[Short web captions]
+++
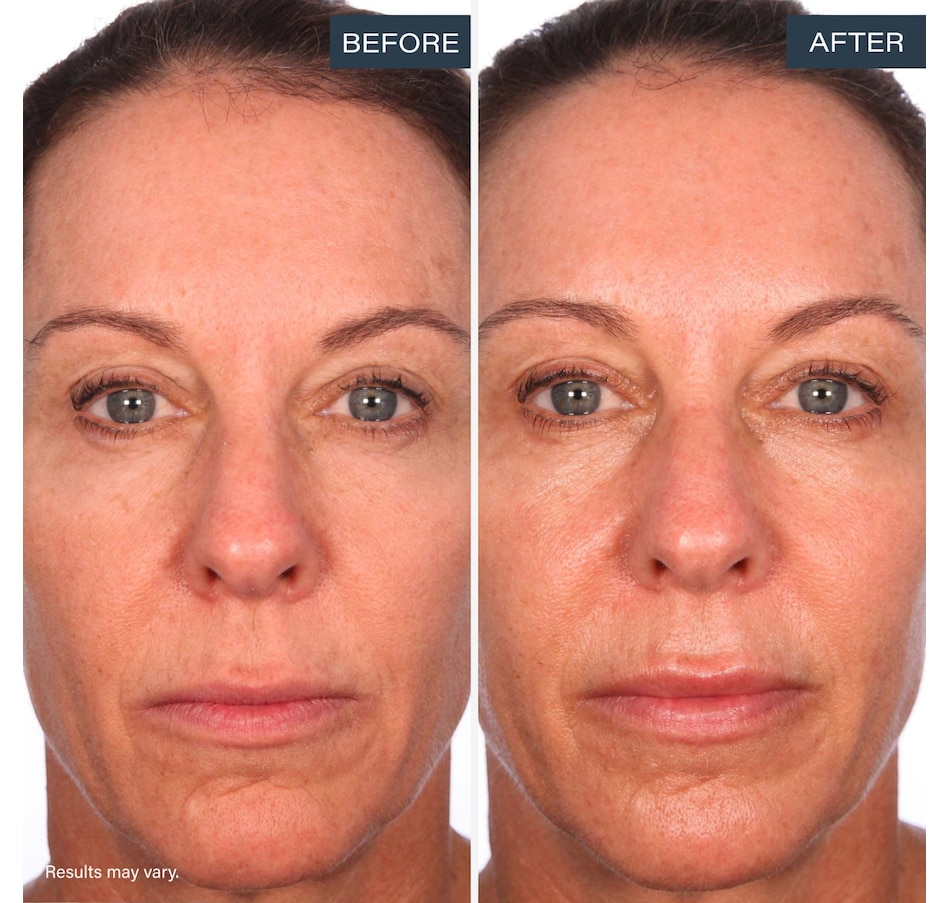 Image 113639_ALTMORE10.jpg, Product 113-639 / Price $75.00, SKINN Divine Luminous Firming Cream + Forehead Patch from SKINN on TSC.ca's Beauty department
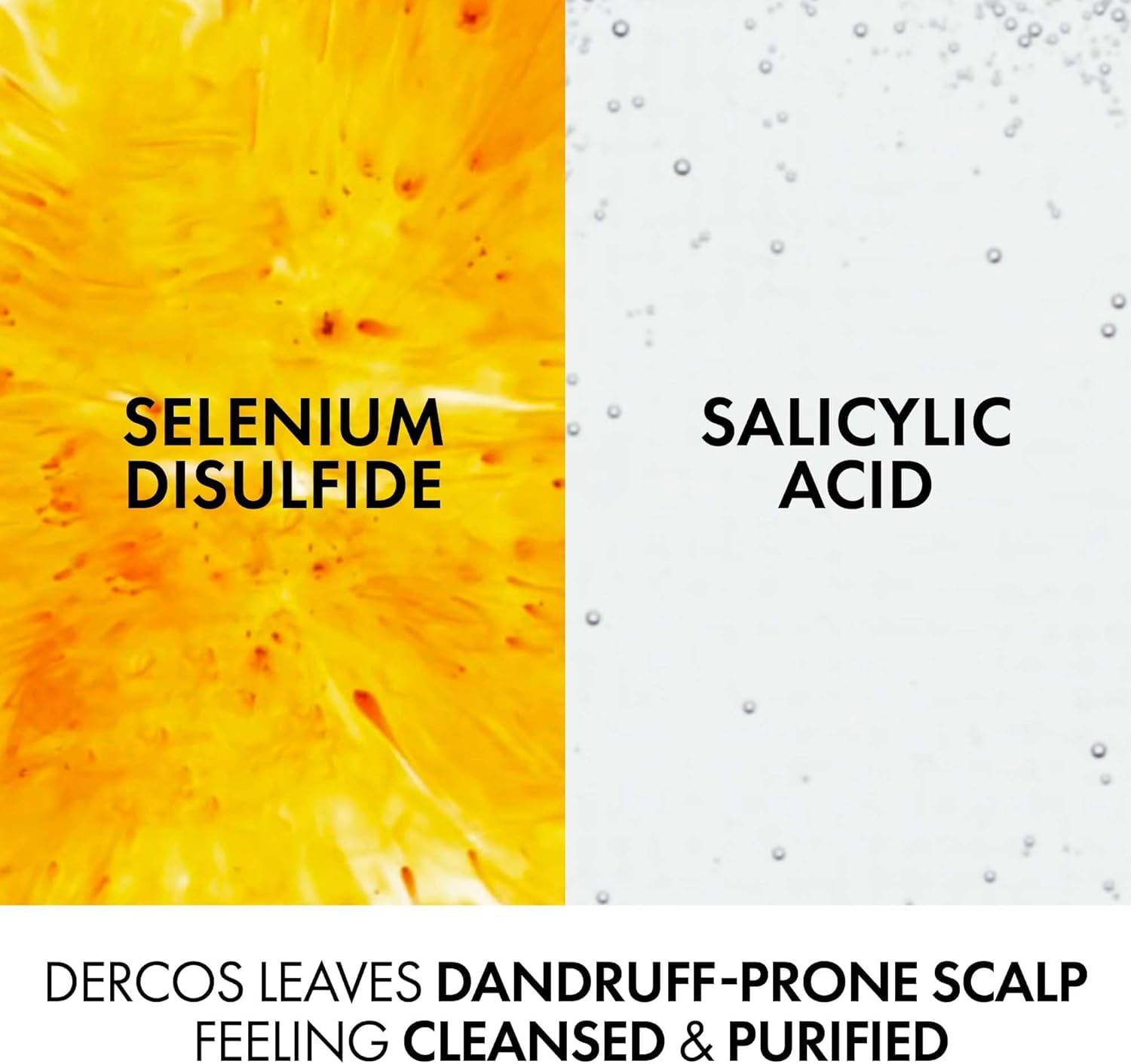 Vichy Dercos Anti-Schuppen-Shampoo Duo Pack – für trockene, juckende Kopfhaut – Anti-Juckreiz & Schuppen reduzierende Formel – 390 ml Flasche + 390 ml Eco Refill
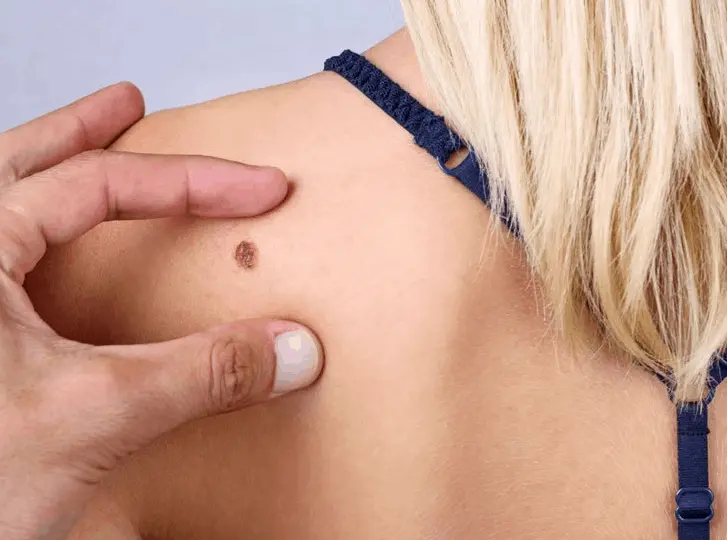 woman having mole removal Kew consultation before treatment.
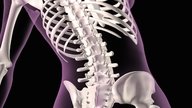 Tratamiento de osteoporosis: medicamentos, alimentos y ejercicios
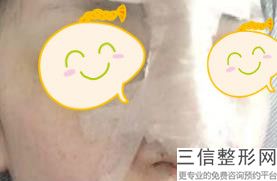 鼻王排名专家揭晓前四强,国内鼻综合十大专家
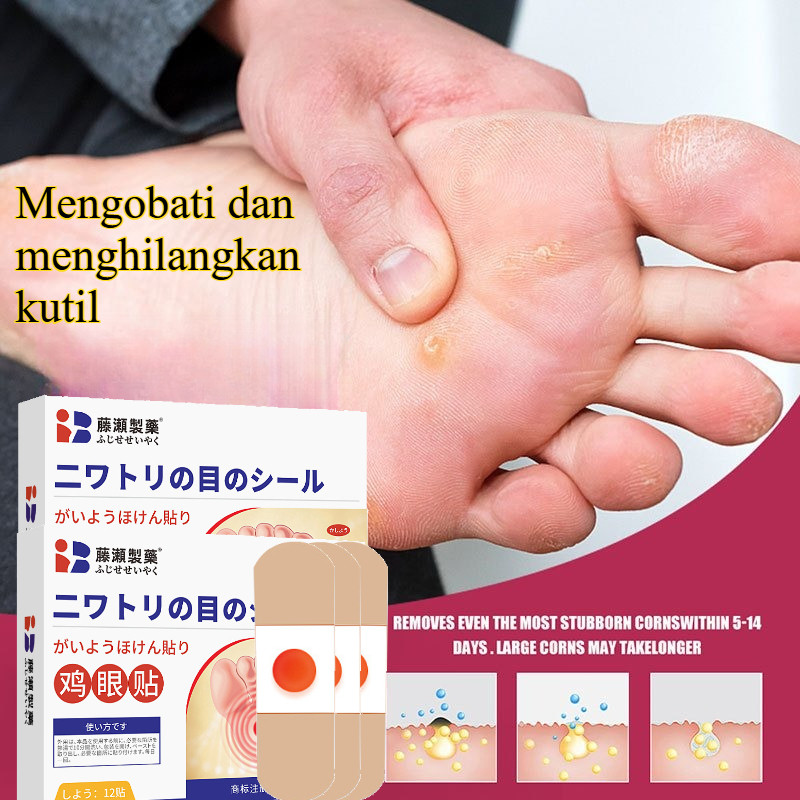 Plester Mata Ikan Plester Obat Kutil Foot Corn Removal Penutup Kutil Obat Mata Ikan Kapalan Caplak P
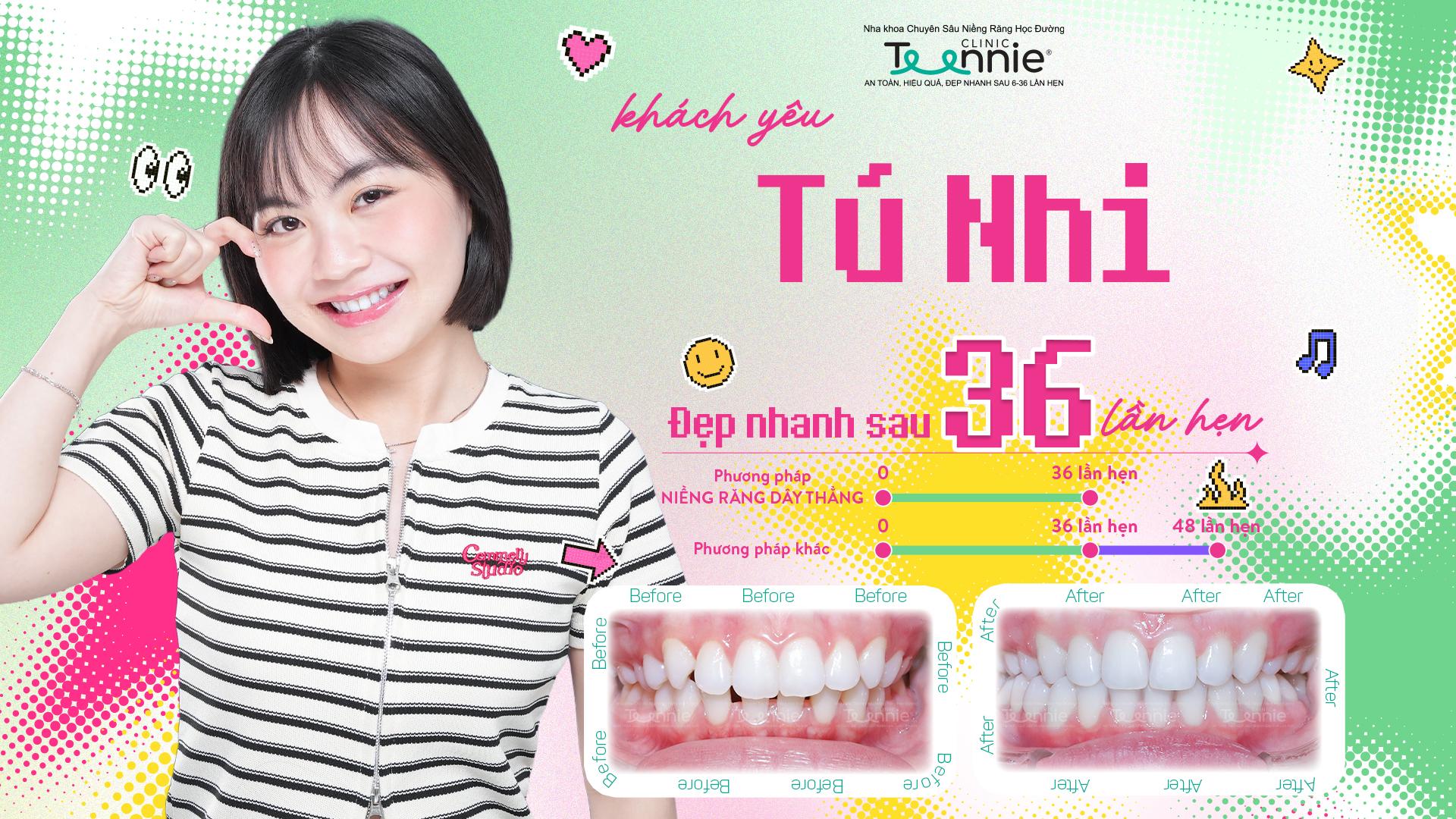 niềng răng văn phòng tphcm - hình 3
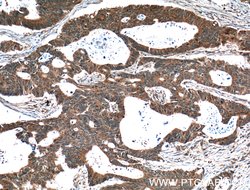 YME1L1 Rabbit anti-Human, Mouse, Rat, Polyclonal, Proteintech:Antibodies:Primary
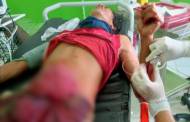 Dihantam Gunakan Tombak, Warga Kasongan Lama Luka Serius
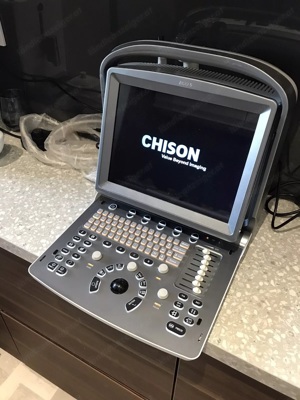 Chison Eco 5 Mobiles Ultraschall Portable Ultrasound Bild 2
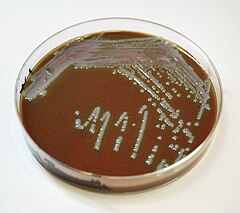 Agar czekoladowy z bakterią Francisella tularensis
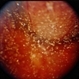 Choroidal Melanoma With Vitreous Seeding Choroidal Melanoma With Vitreous Seeding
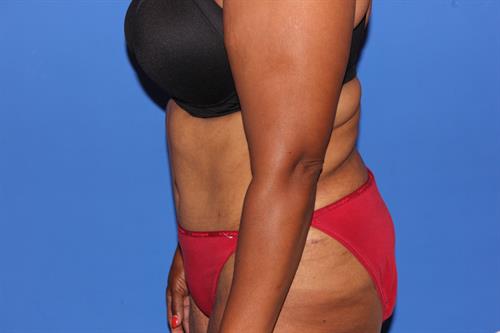Tummy Tuck After Photo | Phoenix and Scottsdale, AZ | Scottsdale Center for Plastic Surgery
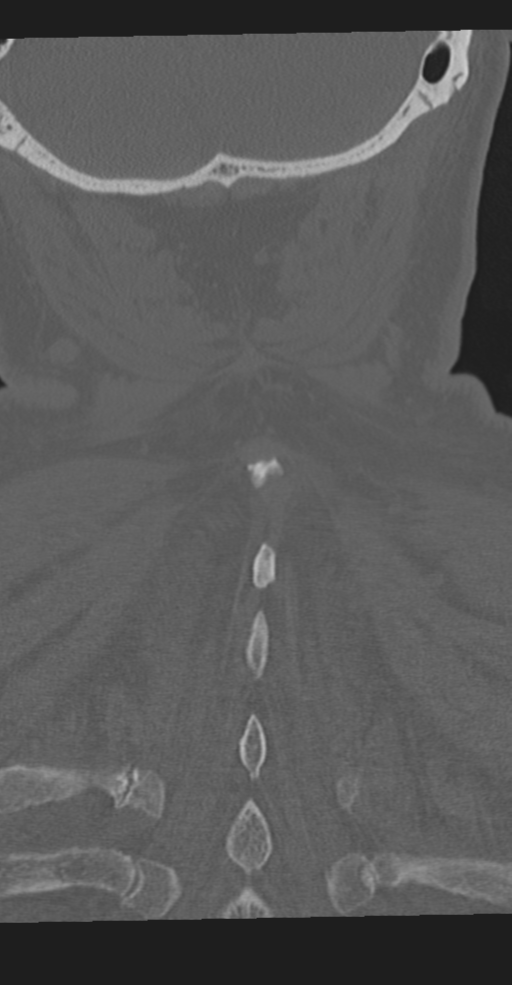 Cervical spine fracture in the setting of ankylosis (Radiopaedia 37038-38715 Coronal bone window 63).png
+++
» Activity
Apart from the pictures, return every entry above exactly as given.

» Response to the task
 Image 113639_ALTMORE10.jpg, Product 113-639 / Price $75.00, SKINN Divine Luminous Firming Cream + Forehead Patch from SKINN on TSC.ca's Beauty department
 Vichy Dercos Anti-Schuppen-Shampoo Duo Pack – für trockene, juckende Kopfhaut – Anti-Juckreiz & Schuppen reduzierende Formel – 390 ml Flasche + 390 ml Eco Refill
 woman having mole removal Kew consultation before treatment.
 Tratamiento de osteoporosis: medicamentos, alimentos y ejercicios
 鼻王排名专家揭晓前四强,国内鼻综合十大专家
 Plester Mata Ikan Plester Obat Kutil Foot Corn Removal Penutup Kutil Obat Mata Ikan Kapalan Caplak P
 niềng răng văn phòng tphcm - hình 3
 YME1L1 Rabbit anti-Human, Mouse, Rat, Polyclonal, Proteintech:Antibodies:Primary
 Dihantam Gunakan Tombak, Warga Kasongan Lama Luka Serius
 Chison Eco 5 Mobiles Ultraschall Portable Ultrasound Bild 2
 Agar czekoladowy z bakterią Francisella tularensis
 Choroidal Melanoma With Vitreous Seeding Choroidal Melanoma With Vitreous Seeding
Tummy Tuck After Photo | Phoenix and Scottsdale, AZ | Scottsdale Center for Plastic Surgery
 Cervical spine fracture in the setting of ankylosis (Radiopaedia 37038-38715 Coronal bone window 63).png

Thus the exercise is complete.